MUHTERİSLERİN ARABESK RUH HALİ
Ak Parti hükümetini devirmek isteyen kesimlerin “dramatik siyasal olay” arayışı artık arabesk bir hale dönüşmeye başladı. Artık yaşanan her olaydan bir kriz çıkar mı diye bakar oldular. Savcıyı öldüren ve açık bir terör olayını örtük savunur hale geldiler. Siyasal olarak marjinalleşme dışında bir işe yaramayacak bir eylemi savunmanın siyasal anlamını anlayamayacak kadar bir duygusallığa girdiler. Stratejik aklın kalmadığı, arabesk bir taraftarlığın ve karşıtlığın içine girdiler.
İktidar mücadelesi içinde olan örgütlü gruplar, iktidar için oldukça muhteris. Hangi yoldan olursa olsun iktidarın kendilerine gelmelerini istiyorlar. Demokratik seçimlerle iktidarı ele geçiremeyeceklerini gördüklerinde, halka cahil demeye başlıyorlar. Seçim sistemi için de “demokrasi seçimlerden ibaret değil” söylemini geliştiriyorlar. Seçim yerine “sokak hareketleri” arayışına giriyorlar. O kadar hırslılar ki, iktidarı ele geçirmek için her şeyi yapabilecek hale geliyorlar.
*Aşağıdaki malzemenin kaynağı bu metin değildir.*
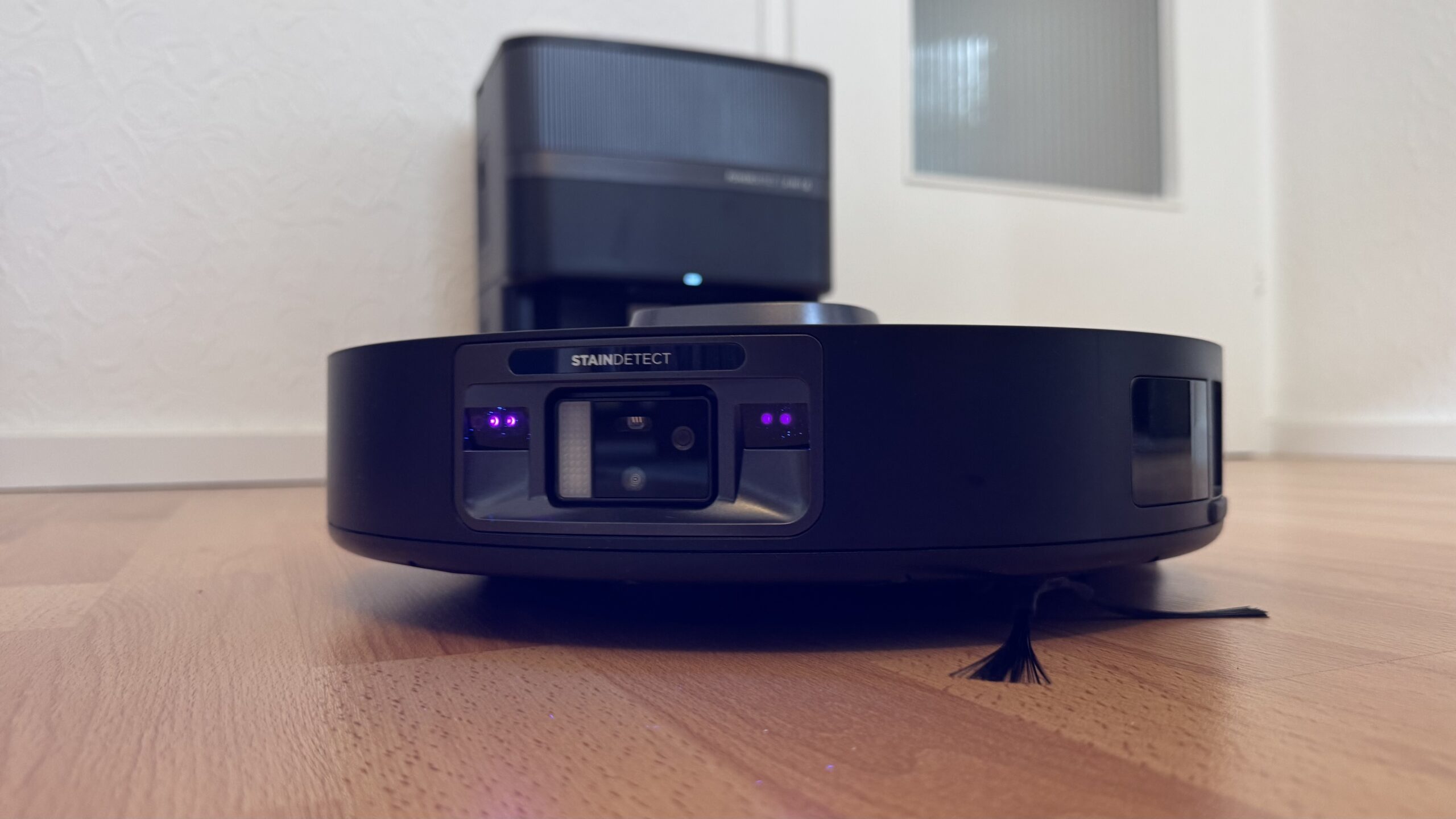 Test: Shark PowerDetect UV-Reveal erkennt Flecken, kann sie aber nicht wegwischen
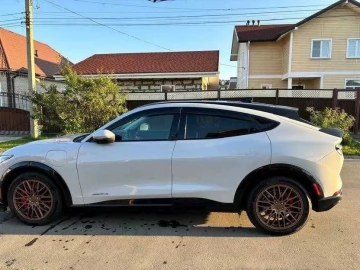 Авто Ford Mustang 2021 № 7373196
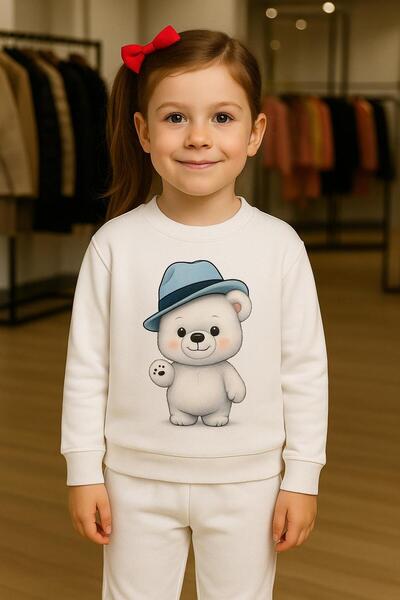 playwear طقم رياضي مع قبعة جانبية ونقش دب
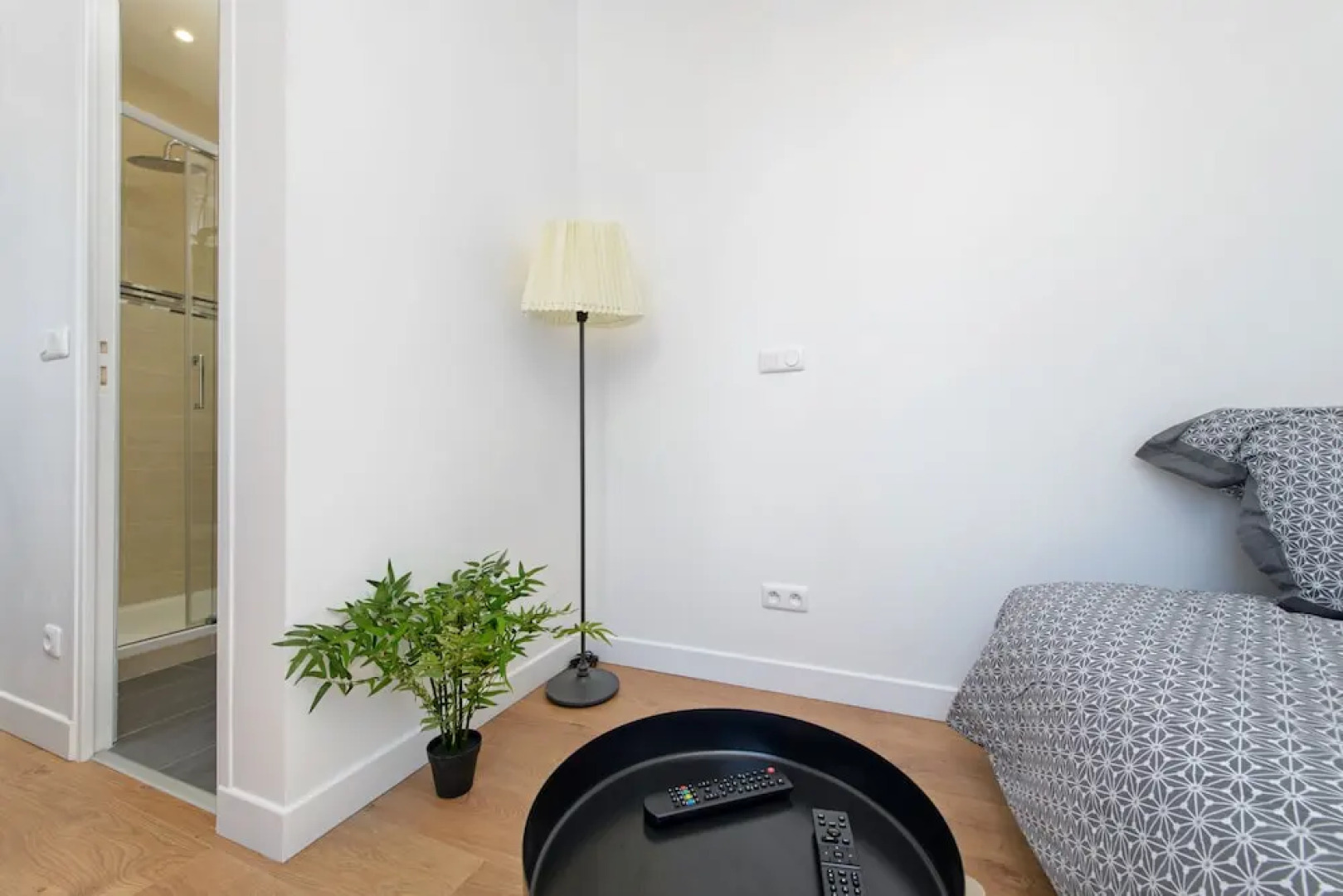 studio 2 persons cosy Paris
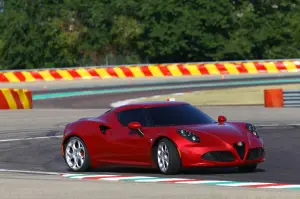 Alfa Romeo 4C - Foto ufficiali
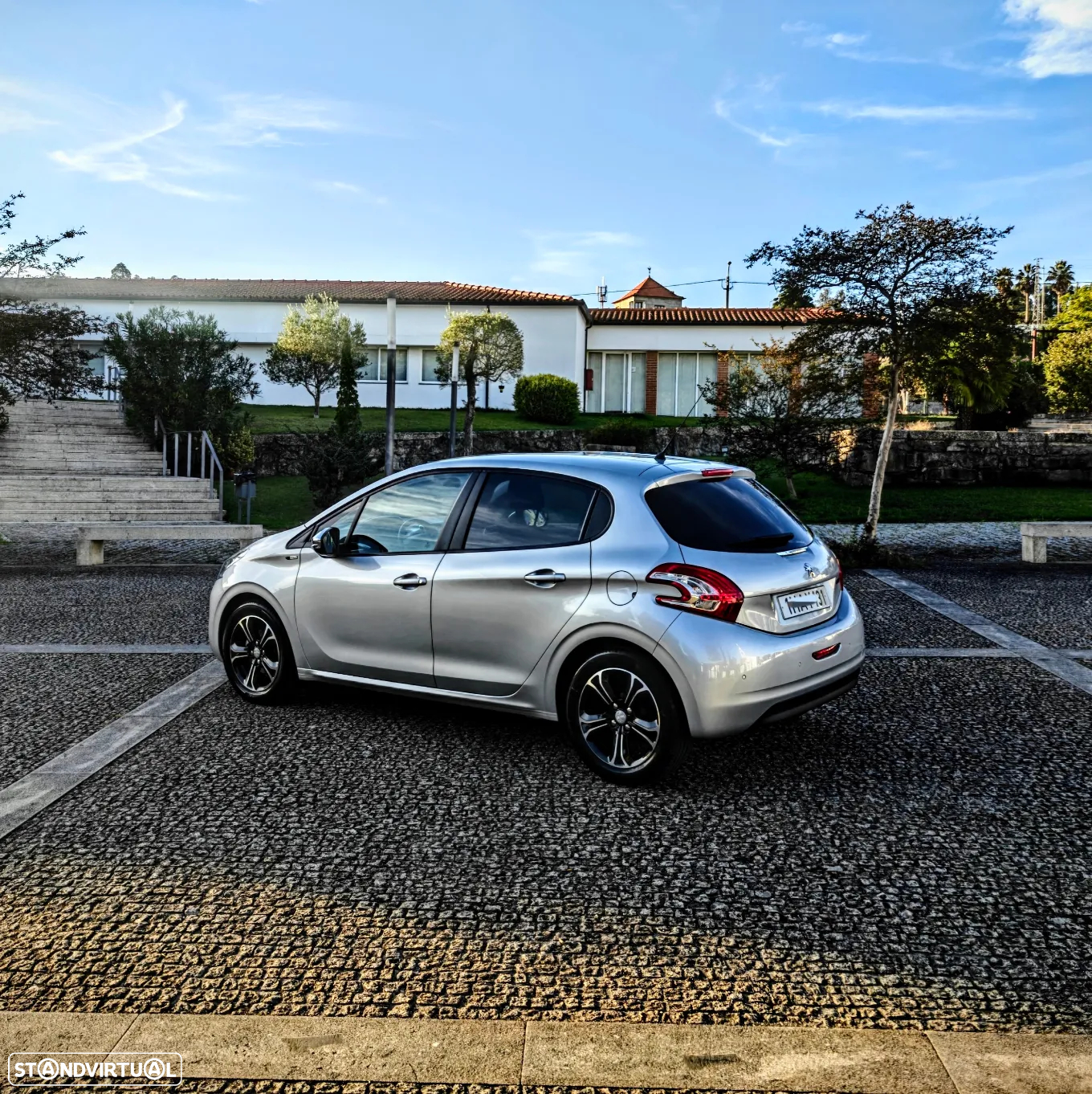 Peugeot 208 1.2 PureTech Style - 22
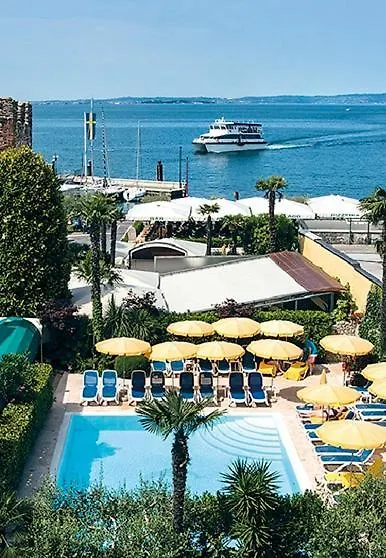 Hotel Catullo Μπαρντολίνο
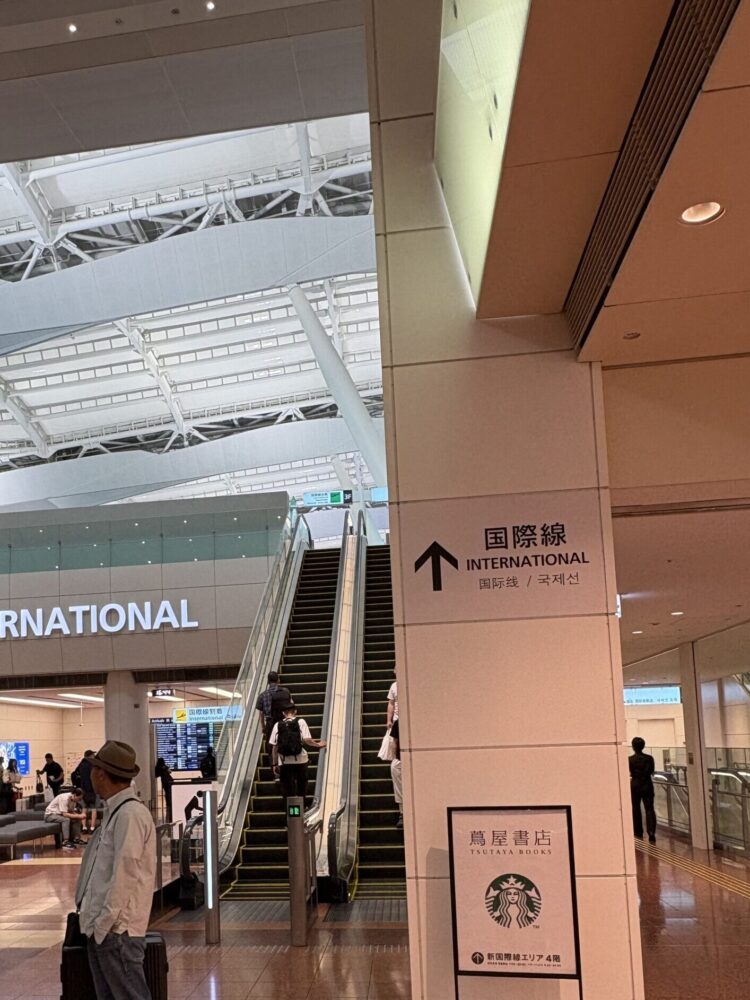 羽田空港第2ターミナル国際線の案内表示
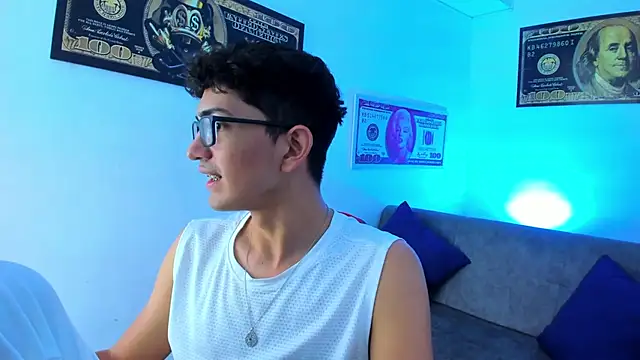 Snapshot of TylerWhite_ chatting on December 29, 3:00 am TylerWhite  online show from December 29, 3:00 am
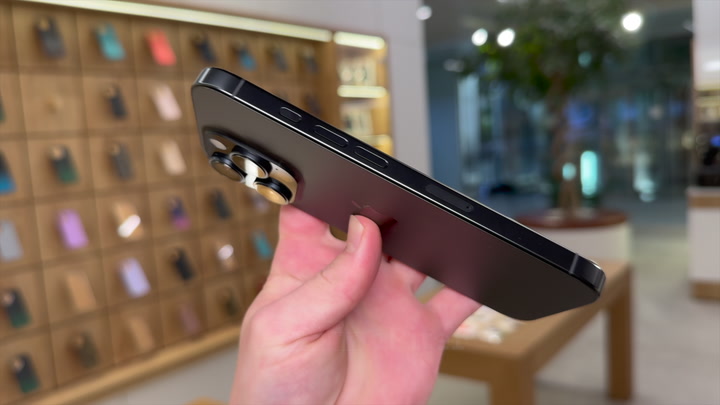 iPhone 16 Pro Black Titanium
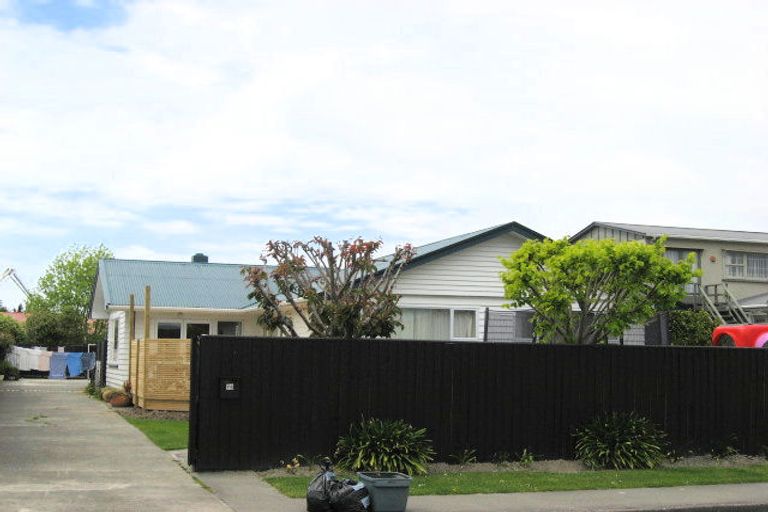 Photo of property in 74 Akaroa Street, Kaiapoi, 7630
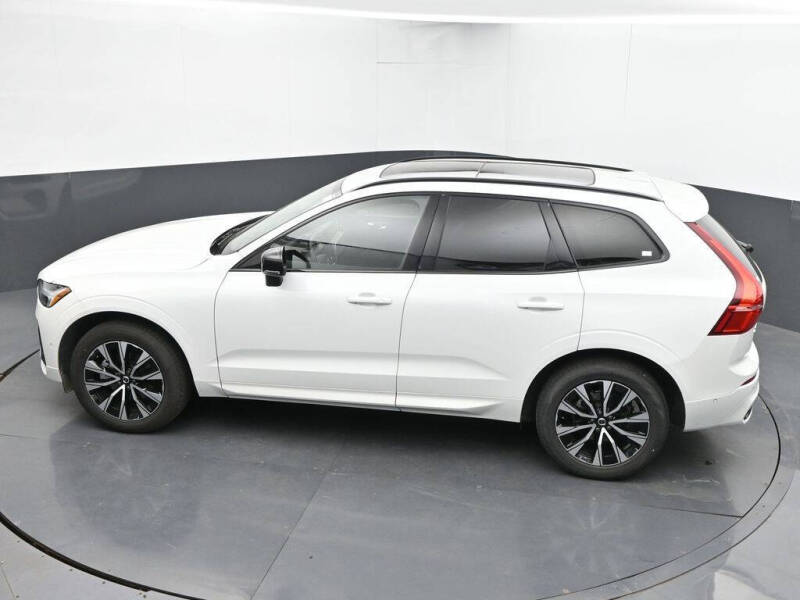 2025 Volvo XC60 B5 Plus Dark Theme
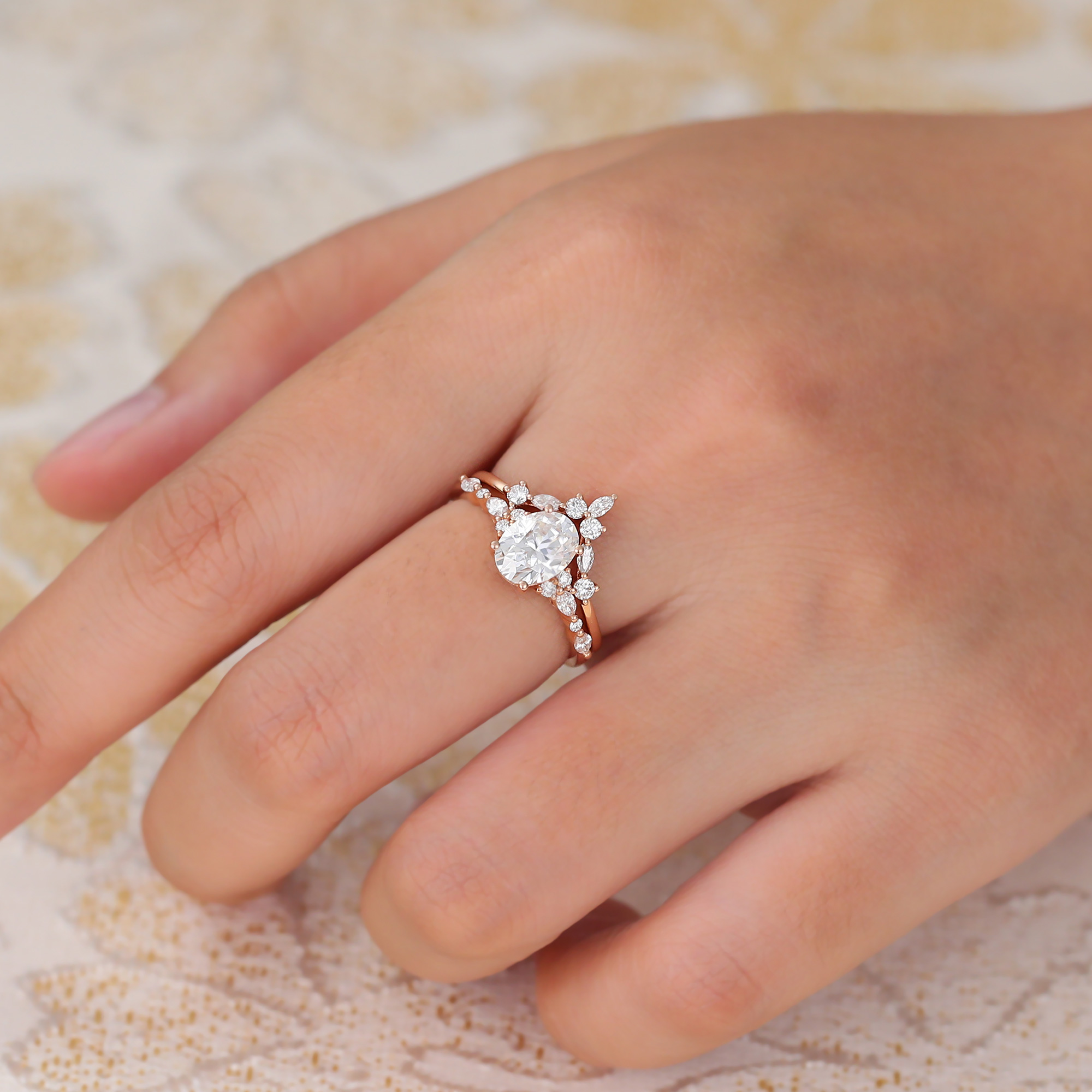 Juyoyo 2 Piece Unique Oval Moissanite Rose Gold Engagement Ring Set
Geniş halk kitlelerinin şu anki iktidarı neden desteklediğini sakin bir şekilde analiz edip, iktidara gelmenin sahici yollarını aramıyorlar. Açgözlü ve hırs bürümüş şekilde “şimdi ve hemen iktidar istiyorum” diyorlar. Olmadığını gördüğünde de hırçınlaşıp saldırganlaşıyorlar. Sahici olmayan, dönüştürücü gücü olmayan siyasal olaylardan ve basit çelişkilerden sanal gündemler üretiyorlar. Sanal alemde söz düellosunda galip gelmeye çalışırken, giderek marjinalleşip, gerçek siyasal aktörler olmaktan uzaklaşıyorlar.
Gezi Parkı koalisyonunun hep birden adliyede bir savcıyı rehin alıp katleden bir illegal örgütün tarafına düşmesi, siyasal aklın iflas etmesi gibi bir şey. Erdoğan ve Ak Parti’ye muhalif olmayı anlamak mümkün. Fakat bu muhalefetin sahicilikten uzak, dramatik bir siyasal olay üretme çabasından ibaret kalmasını anlamak ise zor. Bu ülkede sahici bir muhalefete ihtiyaç var.